HOW TO COMPLETE THIS TASK
Reproduce exactly the line with "加盟小米汽車經(jīng)銷商,小米汽車加盟連鎖店" and every line that follows it below, up to and including the last one. Do not include pictures or anything else.

INFORMATION PROVIDED
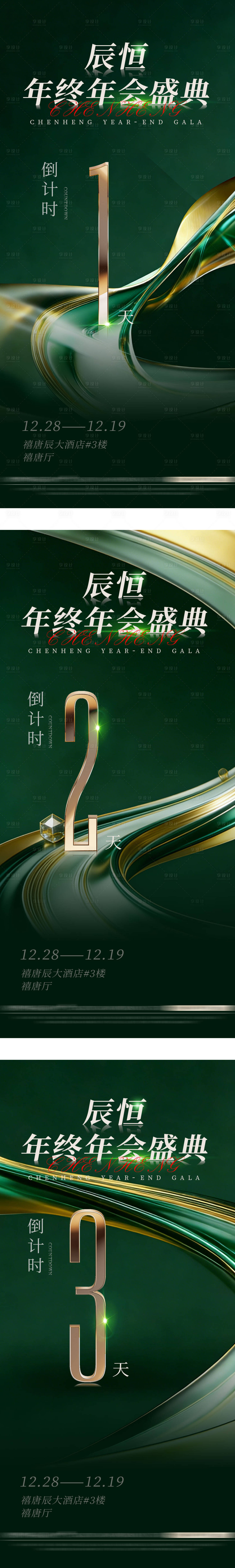 源文件下载【享设计】搜索编号：28530034645324967【年会庆典倒计时海报】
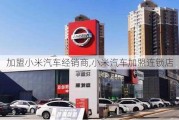 加盟小米汽車經(jīng)銷商,小米汽車加盟連鎖店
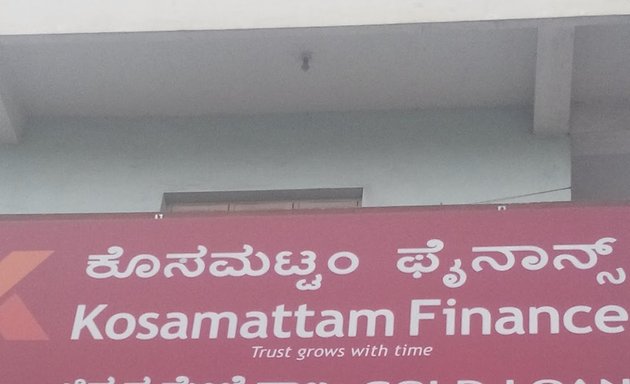 Photo of Kosamattam Finance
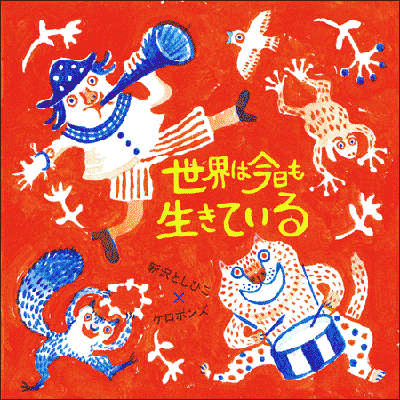 楽天市場】布施 明の世界 CD全7巻 ユーキャン通販 : ユーキャン通販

TASK SOLUTION
 加盟小米汽車經(jīng)銷商,小米汽車加盟連鎖店
 Photo of Kosamattam Finance
 楽天市場】布施 明の世界 CD全7巻 ユーキャン通販 : ユーキャン通販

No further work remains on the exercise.